*** Data shown ***
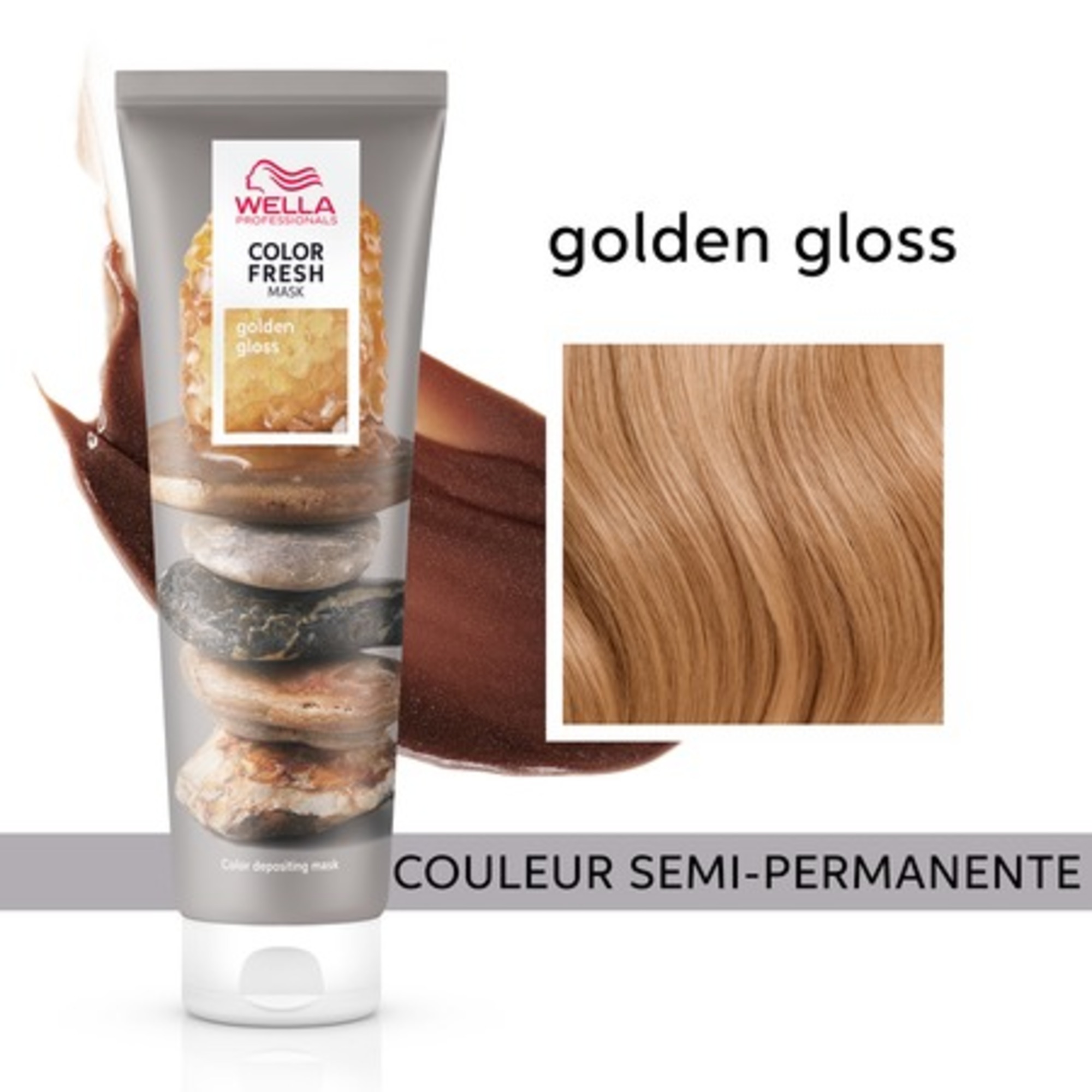 Masque Golden Gloss colorant pour raviver ou transformer votre couleur à domicile
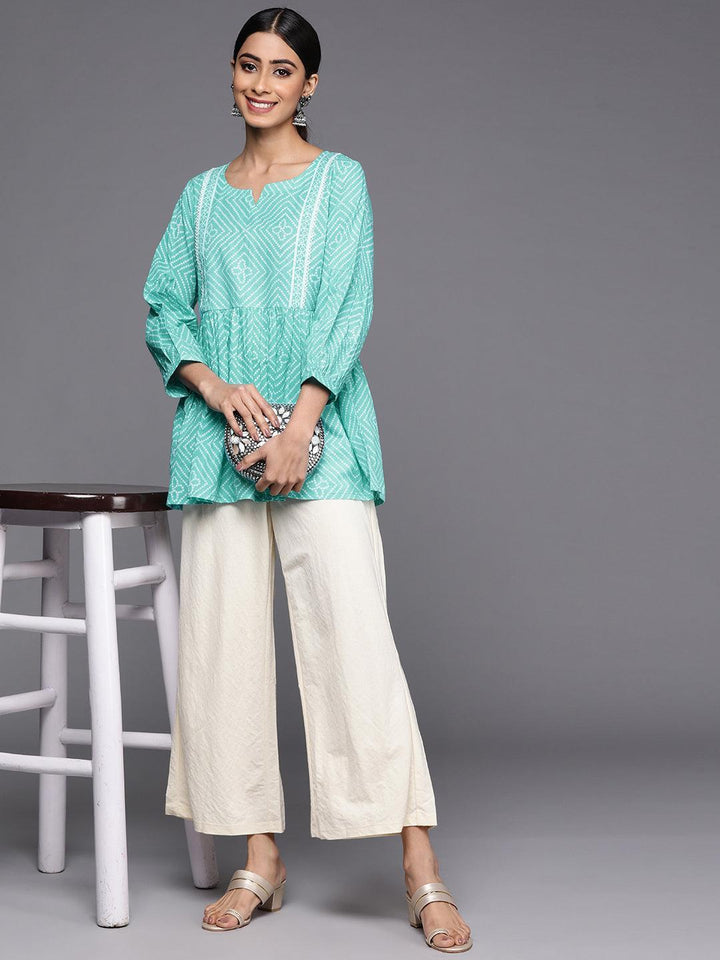 Turquoise Blue Printed Cotton A-Line Kurti - ShopLibas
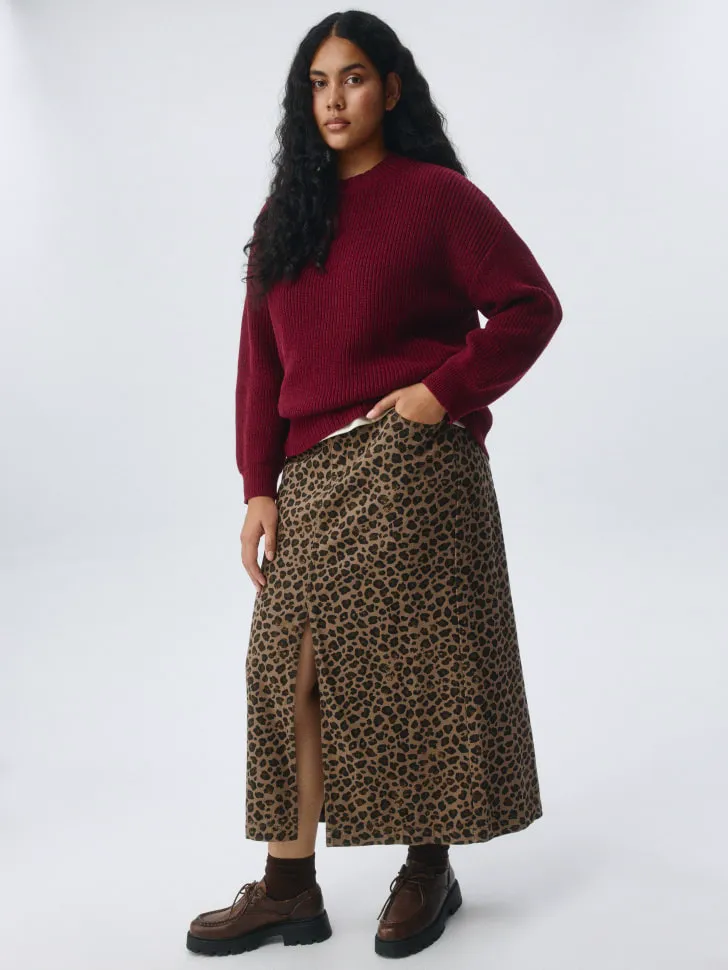 Джинсовая юбка миди, коричневый, арт. 3002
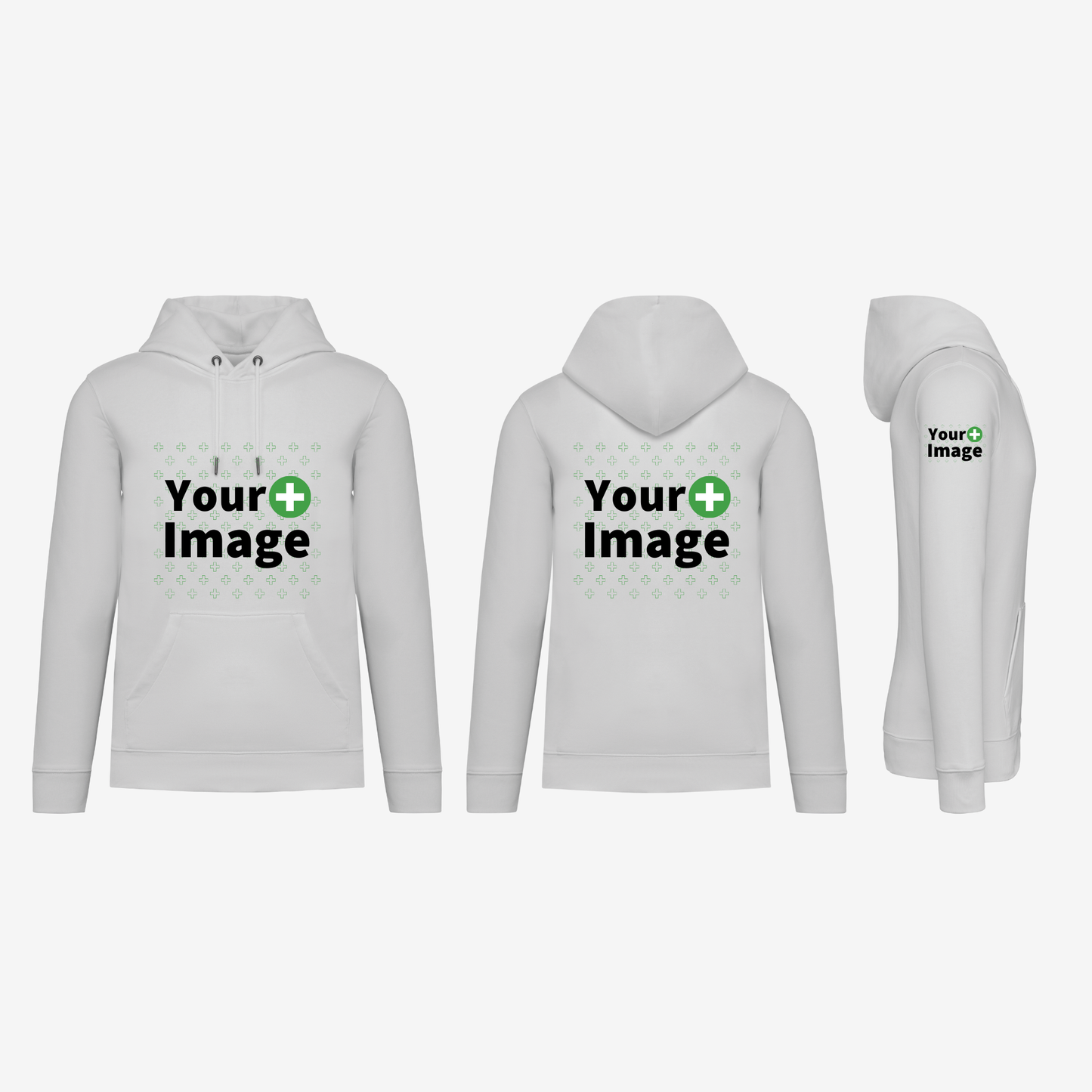 Custom Printed - HOODED SWEATSHIRT - White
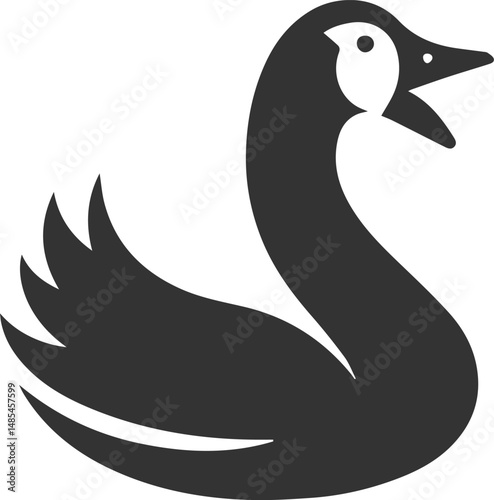 A drawing vector silhouette of a goose bird
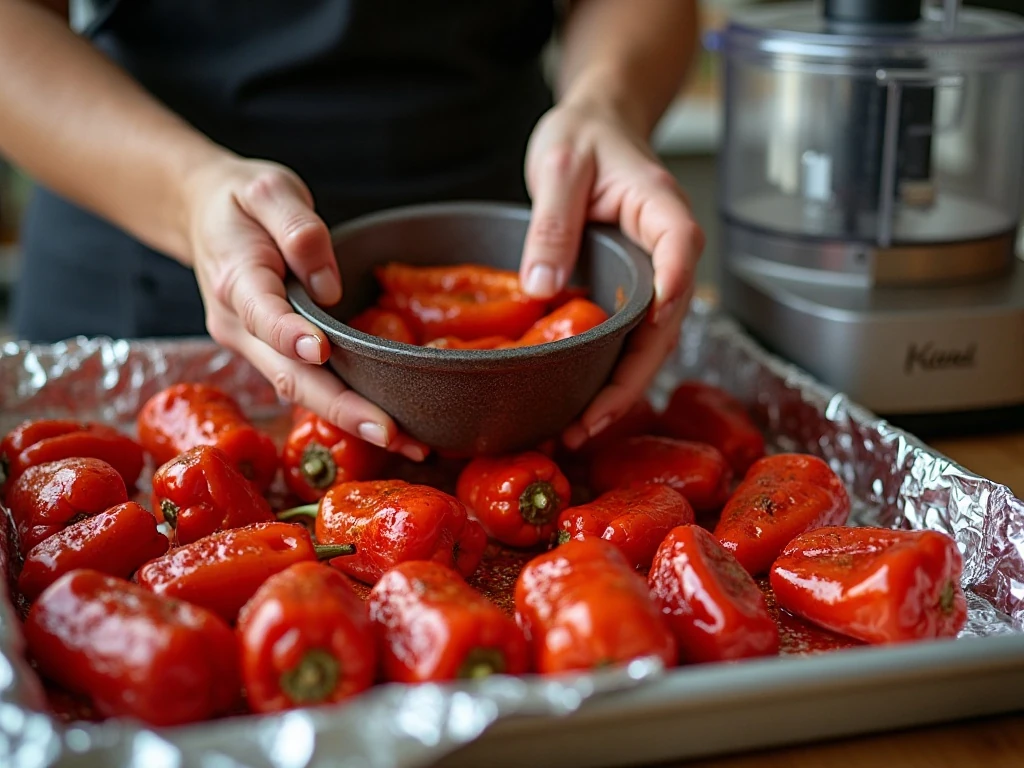 Peeling steamed roasted red peppers for a creamy dip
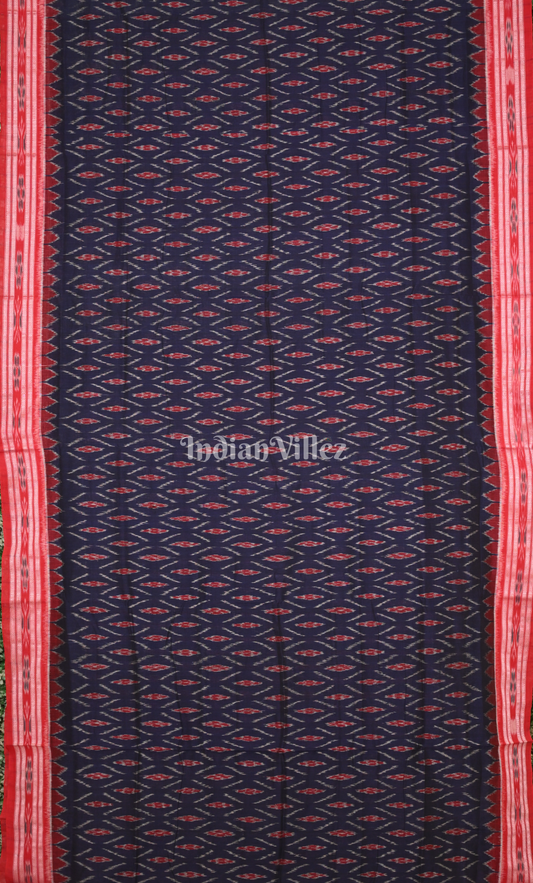 Navy Blue Red Damru Pasapali Odisha Ikat Maniabandha Cotton Saree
*** End of Data shown ***
Exercise goal | Give the listing again, exactly as it appears, but without its images.

Final answer |
 Masque Golden Gloss colorant pour raviver ou transformer votre couleur à domicile
 Turquoise Blue Printed Cotton A-Line Kurti - ShopLibas
 Джинсовая юбка миди, коричневый, арт. 3002
 Custom Printed - HOODED SWEATSHIRT - White
 A drawing vector silhouette of a goose bird
 Peeling steamed roasted red peppers for a creamy dip
 Navy Blue Red Damru Pasapali Odisha Ikat Maniabandha Cotton Saree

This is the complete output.